**Excerpted records**
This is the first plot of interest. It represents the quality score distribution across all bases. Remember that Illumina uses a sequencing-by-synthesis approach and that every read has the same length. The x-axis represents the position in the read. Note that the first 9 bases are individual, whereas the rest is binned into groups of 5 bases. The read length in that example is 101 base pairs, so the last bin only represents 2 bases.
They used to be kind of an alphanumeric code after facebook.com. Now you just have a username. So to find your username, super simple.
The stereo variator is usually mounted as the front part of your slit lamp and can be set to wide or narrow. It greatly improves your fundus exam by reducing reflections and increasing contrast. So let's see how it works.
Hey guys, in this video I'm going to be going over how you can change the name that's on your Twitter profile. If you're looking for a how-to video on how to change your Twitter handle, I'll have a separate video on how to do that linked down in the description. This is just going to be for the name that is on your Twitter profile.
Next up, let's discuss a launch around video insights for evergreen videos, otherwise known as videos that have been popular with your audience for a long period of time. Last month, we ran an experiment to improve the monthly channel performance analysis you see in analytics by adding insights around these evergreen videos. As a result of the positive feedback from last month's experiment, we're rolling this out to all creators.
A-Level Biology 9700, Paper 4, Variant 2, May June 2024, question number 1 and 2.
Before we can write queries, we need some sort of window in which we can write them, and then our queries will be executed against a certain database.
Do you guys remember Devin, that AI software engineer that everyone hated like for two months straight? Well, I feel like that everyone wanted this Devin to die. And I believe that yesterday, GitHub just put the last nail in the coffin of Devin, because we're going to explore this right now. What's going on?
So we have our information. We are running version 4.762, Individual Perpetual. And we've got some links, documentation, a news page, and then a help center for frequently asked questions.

==

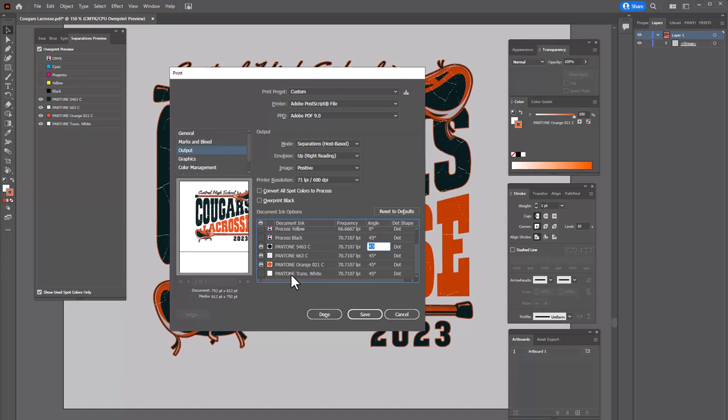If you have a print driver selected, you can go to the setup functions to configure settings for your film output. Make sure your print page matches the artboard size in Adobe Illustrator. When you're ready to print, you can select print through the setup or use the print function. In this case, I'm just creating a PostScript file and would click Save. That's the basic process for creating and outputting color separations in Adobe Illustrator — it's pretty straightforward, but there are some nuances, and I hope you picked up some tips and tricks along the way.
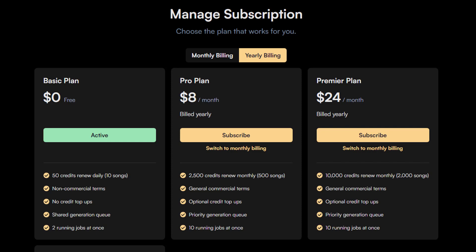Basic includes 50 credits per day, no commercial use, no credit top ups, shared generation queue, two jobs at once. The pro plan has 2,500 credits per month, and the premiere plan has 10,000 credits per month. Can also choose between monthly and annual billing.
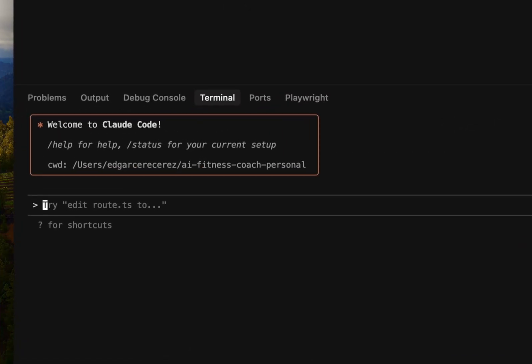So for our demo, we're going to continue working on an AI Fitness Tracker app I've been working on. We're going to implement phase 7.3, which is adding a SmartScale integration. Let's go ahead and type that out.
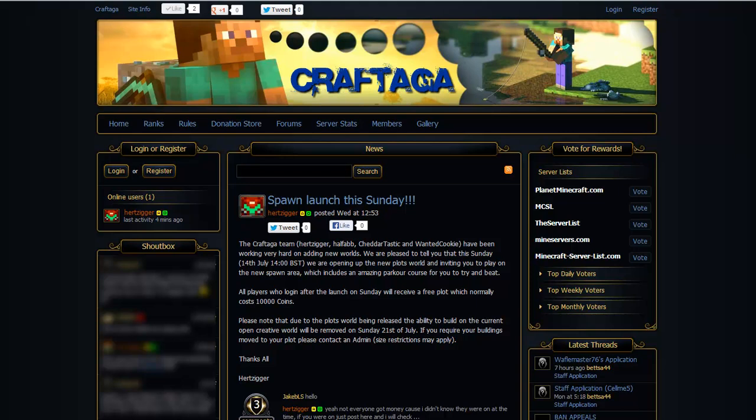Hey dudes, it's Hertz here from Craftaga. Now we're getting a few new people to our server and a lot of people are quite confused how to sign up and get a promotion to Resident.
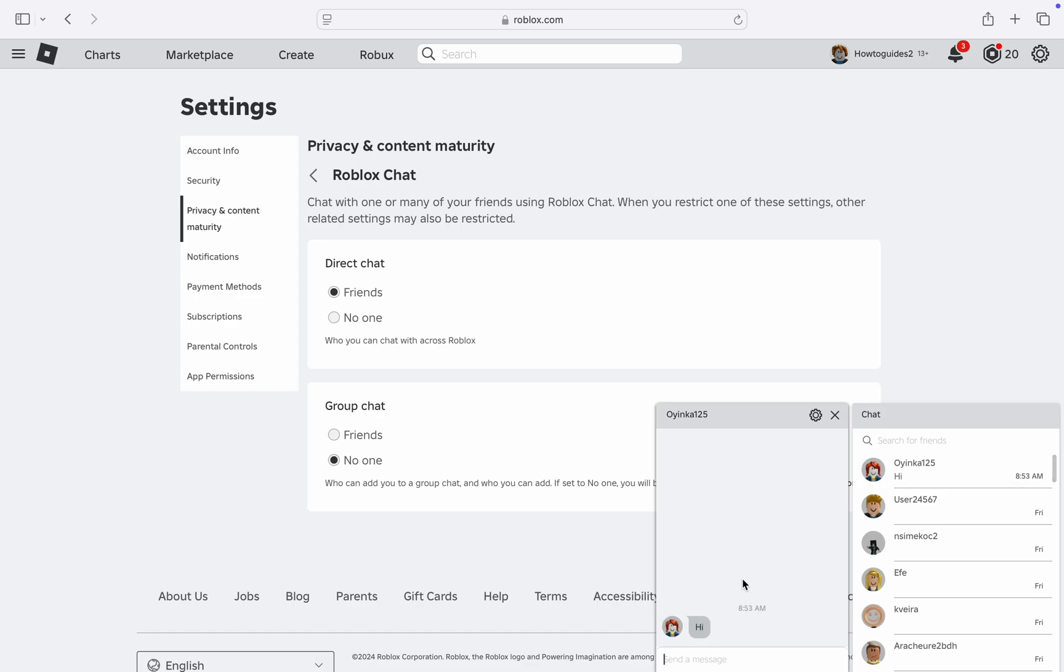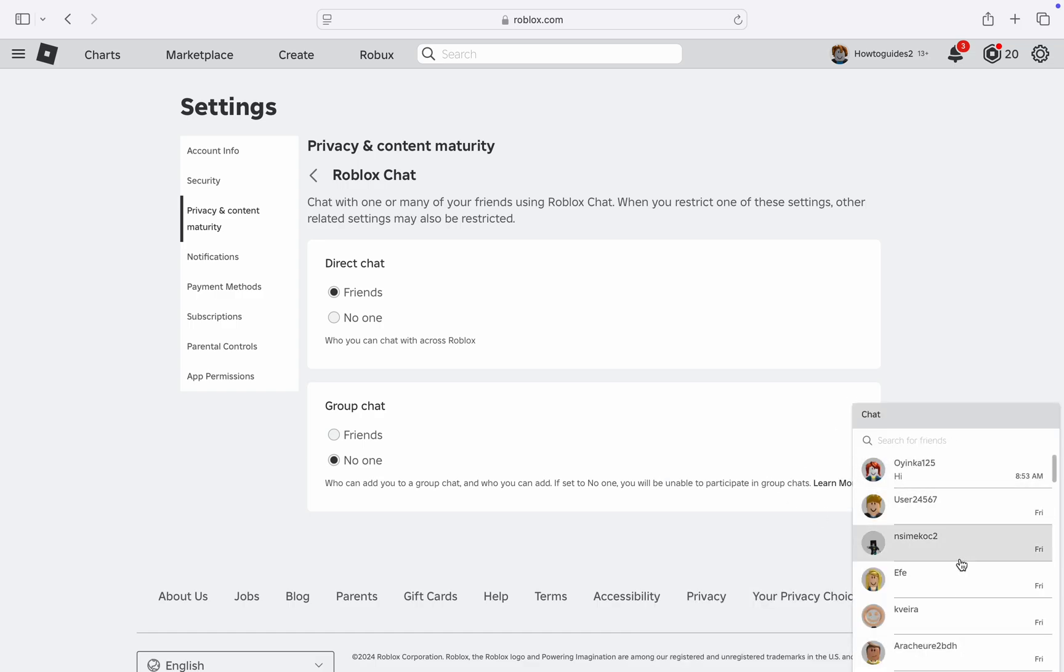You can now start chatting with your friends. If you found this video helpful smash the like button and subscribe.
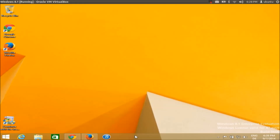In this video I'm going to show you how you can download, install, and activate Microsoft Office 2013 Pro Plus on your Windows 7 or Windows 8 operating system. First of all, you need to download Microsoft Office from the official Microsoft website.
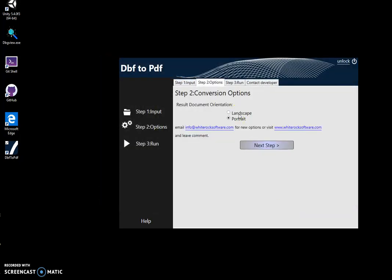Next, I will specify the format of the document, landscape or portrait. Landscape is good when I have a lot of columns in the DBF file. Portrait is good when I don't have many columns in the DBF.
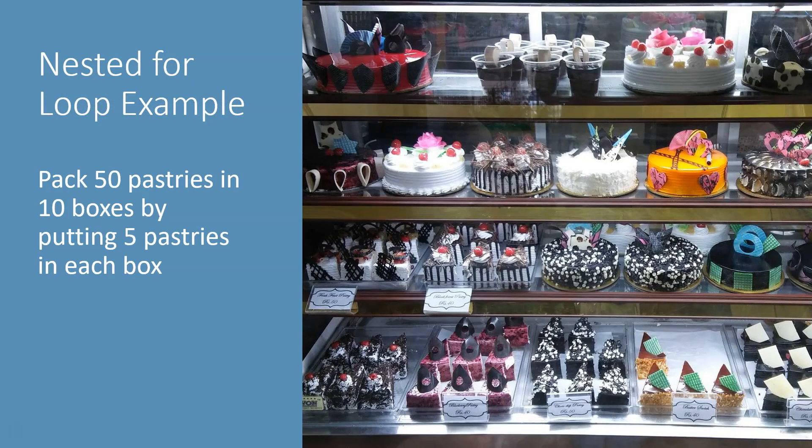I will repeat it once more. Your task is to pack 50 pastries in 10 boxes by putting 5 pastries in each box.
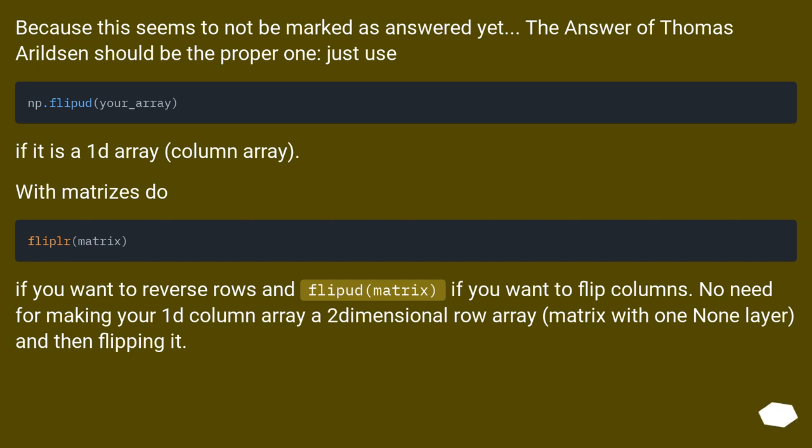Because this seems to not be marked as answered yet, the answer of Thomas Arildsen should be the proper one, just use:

--

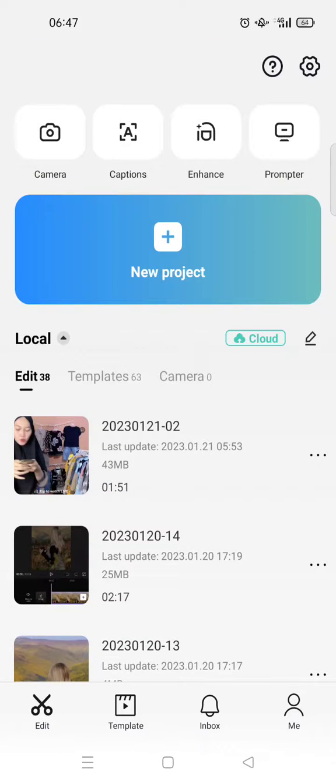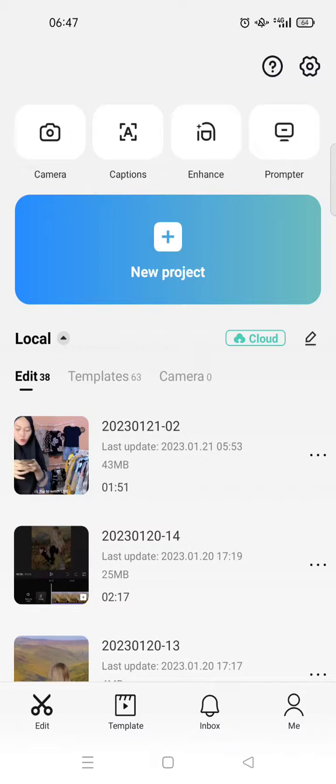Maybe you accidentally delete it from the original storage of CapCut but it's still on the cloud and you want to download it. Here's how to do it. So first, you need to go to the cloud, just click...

**What is needed**
Pictures are to be left out. Write out only the lines above starting at the one with "Next, I will" and ending at the one with "I will repeat", both lines included, exactly.

**Answer to the problem**
Next, I will specify the format of the document, landscape or portrait. Landscape is good when I have a lot of columns in the DBF file. Portrait is good when I don't have many columns in the DBF.
I will repeat it once more. Your task is to pack 50 pastries in 10 boxes by putting 5 pastries in each box.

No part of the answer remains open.